Lump-Sum – Suppose you have an effective plan. You can rest assured because this option comes with a lump sum payment. You can pay everything in installments and work immediately on the process. That will provide you additional flexibility when planning your purchases and investments.
Avoid Using Credit Cards – The best way to prevent significant debt is by taking a loan with low-interest rates that will provide you peace of mind. You can use it to repay your credit card debts, streamlining your payments into a single with low interest.
Understand the Pitfalls
The main problem surrounding the home equity loan is that most people think it is a fast and straightforward solution. However, you can enter the perpetual cycle of spending and borrowing, which will lead you towards more significant debt than before.
This situation is so common that it comes with a term such as “Reloading.” We are talking about creating a habit of taking a loan to repay the existing debt and get the additional money you can spend. As a result, you will enter a spending cycle of debt, especially if you choose the options that will offer you 125% of your home’s equity.
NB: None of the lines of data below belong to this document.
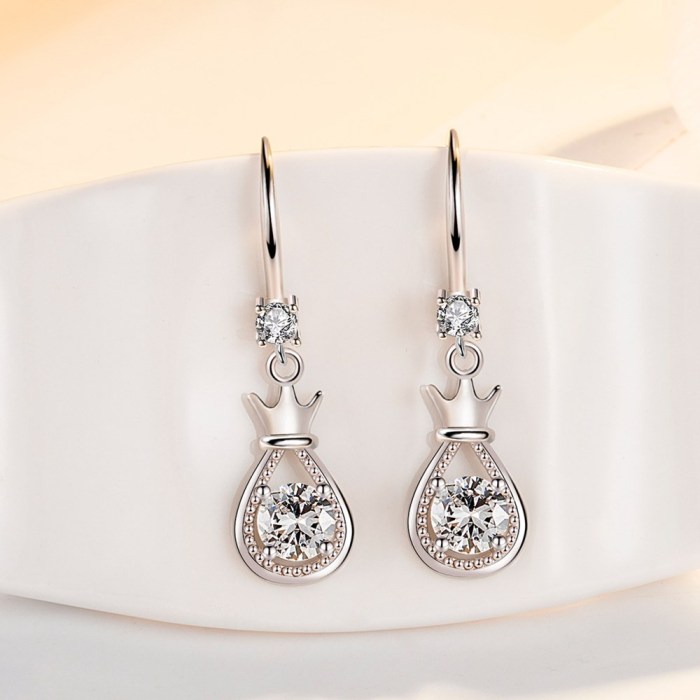 Wholesale S925 Sterling Trendy  Women's Fashion Jewelry High Quality Cubic Zirconia Crown Long Tassel Earrings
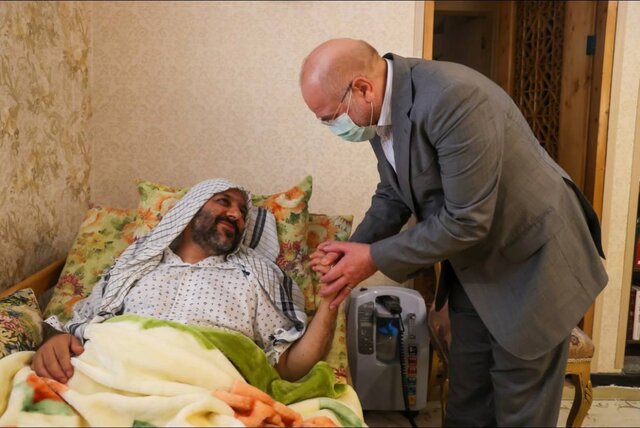 حضور قالیباف در منزل شهید احمدی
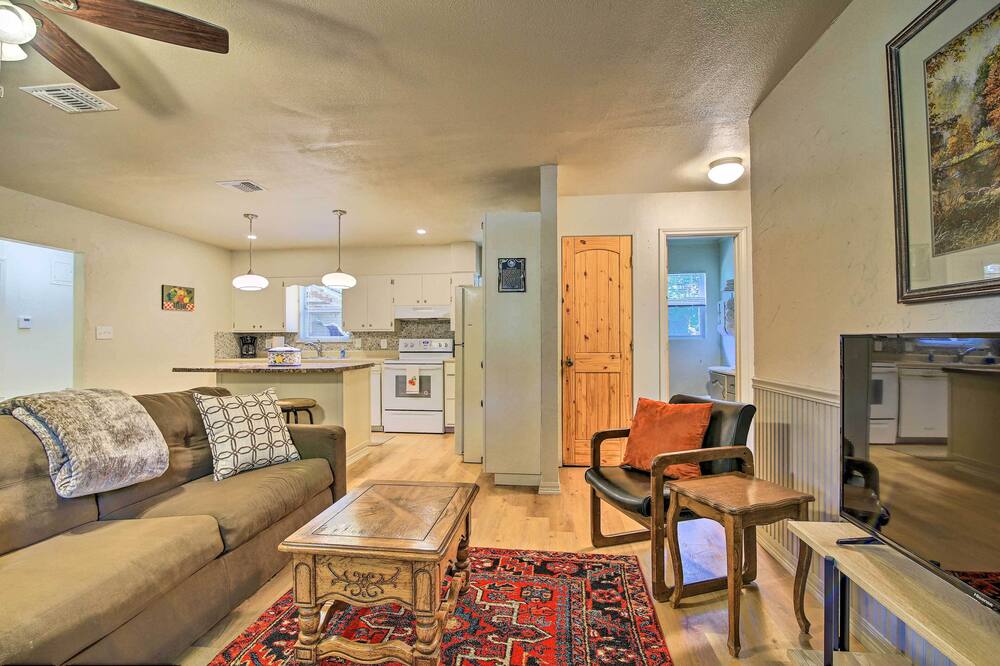 Utopia Family Home, 2 Blocks to Utopia Park! - Vanderpool, TX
Remember that these options come with more significant fees, meaning you will use your home as collateral. Therefore, you must be as responsible as possible throughout the process.
We recommend you avoid getting a loan worth more than your household because it will affect your future and financial certainty. It is unrealistic to expect that you will be better off by increasing your debt by 125% plus fees and interest. It is the first step towards bankruptcy.
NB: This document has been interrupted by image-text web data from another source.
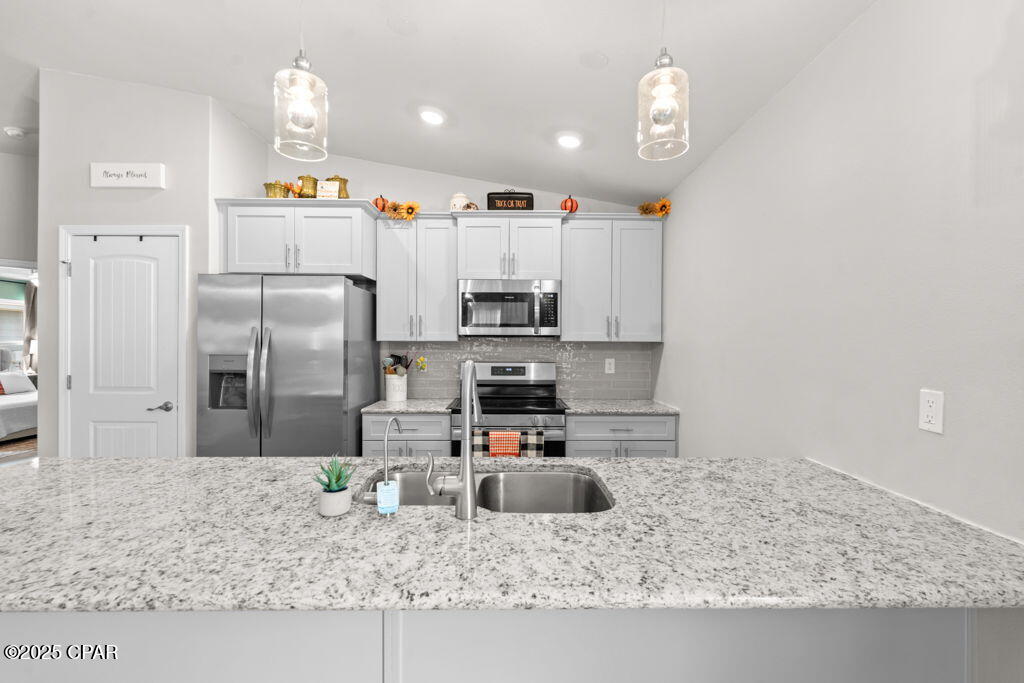 Nuycqmu35u_8sxfjxg5qxivcqo_ud4bfhcbno71svwg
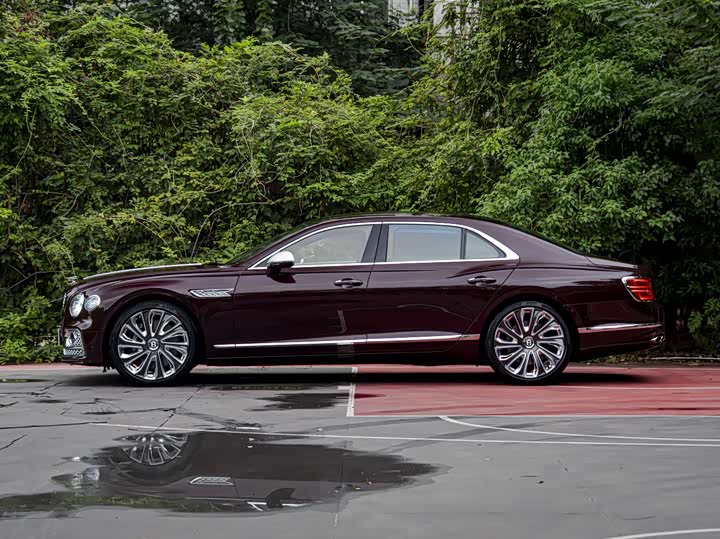 Фото 2 - Bentley Flying Spur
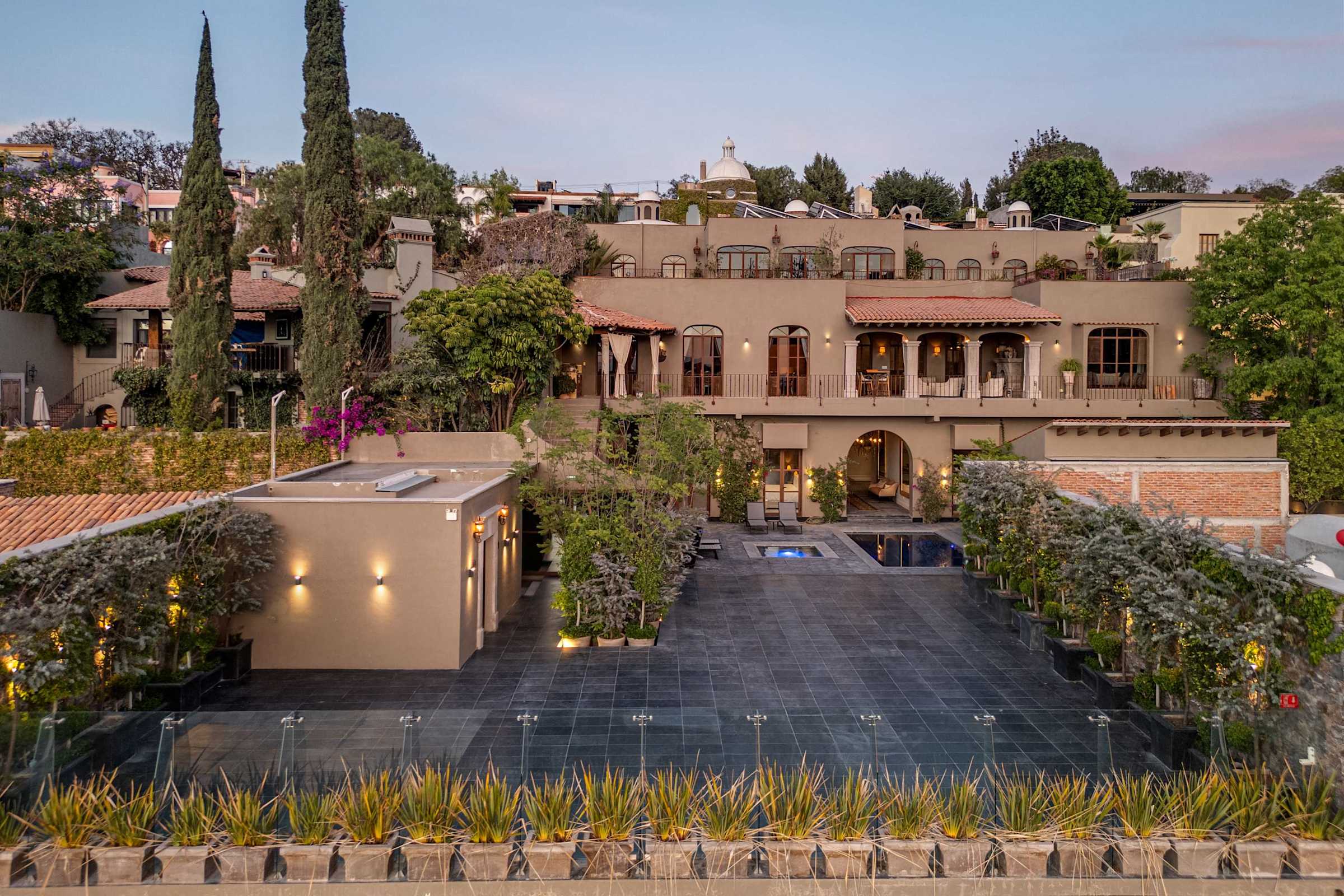 Casa Faroles, Designer 7BR Villa with Pool Jacuzzi & Full Staff · photo 66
Another problem can happen when you decide to take a loan to finance home improvements. Remember that remodeling your kitchen and bathroom will help you increase the overall value of your home.
However, investing in a swimming pool is not something that will increase its market value. Another popular reason people tap the equity is to pay college education for their children. That way, you will enter your debt without adding value to your home.
Still, if you are near retirement, you should think twice before choosing this solution. It is way better to choose government grants and loans because home equity requires full repayment unless you wish to place your house on the line.
It is tempting to use the lump sum and pay for things you do not need. However, you can leverage your home for cash, which will come with certain benefits and risks. It would be best to remember that shelter, food, and clothing are necessities.
The main idea is to avoid pitfalls that lead you into a vicious debt circle. Instead, you should make sure that you can handle the monthly payments before making up your mind.